Now, if there is someone who could have done with some of Precious Ramotswe’s common-sense and warmth, it’s Tambu in Tstitsi Dangarembga’s This mournable body (my review). Again my link is very loose, based as it is on the fact that the two novels are set in neighbouring African countries, Tambu living in Zimbabwe bordering Precious’ Botswana.
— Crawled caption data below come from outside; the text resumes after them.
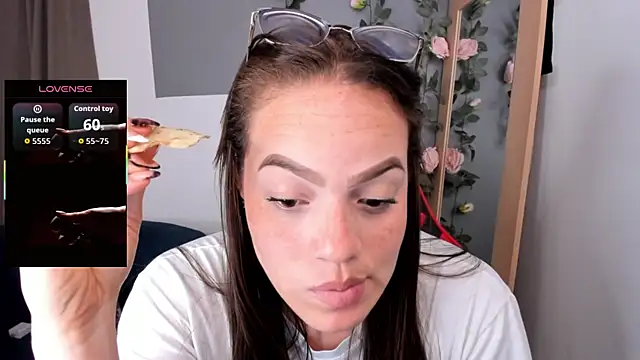 Snapshot of Baby_Asshley chatting on 27, 6, 2026 Baby Asshley online show from 27, 6, 2026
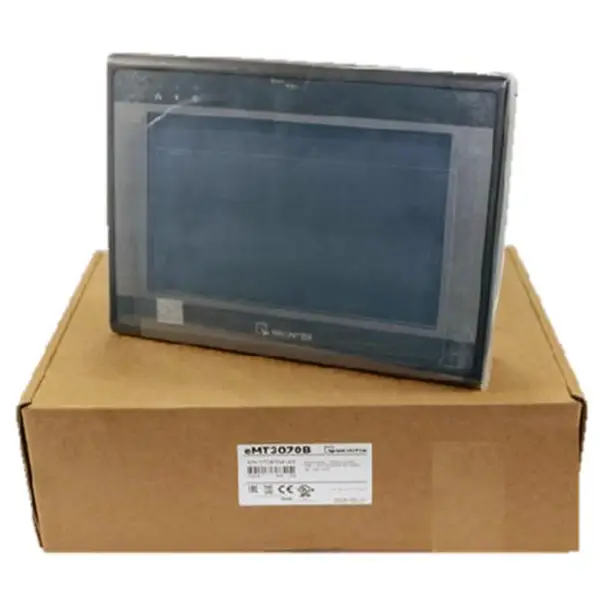 valmistettu Taiwanissa Weintek eMT3105P HMI 10.4
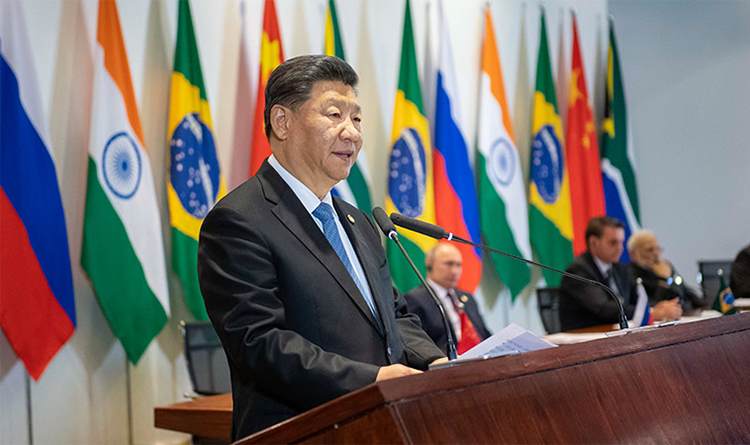 Xi insta a Consejo Empresarial de BRICS y Nuevo Banco de Desarrollo a hacer mayores contribuciones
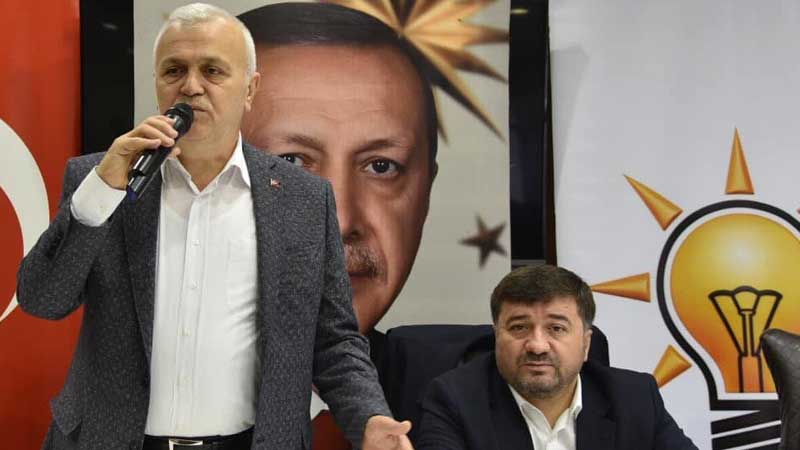 Tatlı, “Sayın Cumhurbaşkanımız Recep Tayyip Erdoğan başta olmak üzere Bakanlarımız,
And now, having found myself here, I can’t resist returning to Australia, linking this time on authors who also make films. Tsitisi Dangarembga has an impressive resume, having won multiple literary awards while also being an active filmmaker of feature, short and documentary films. While she’s not as prolific, Australia’s Leah Purcell is also known as a novelist and filmmaker. I’m linking to her latest production, The drover’s wife (my review), which she’d also written as an award-winning play and a novel.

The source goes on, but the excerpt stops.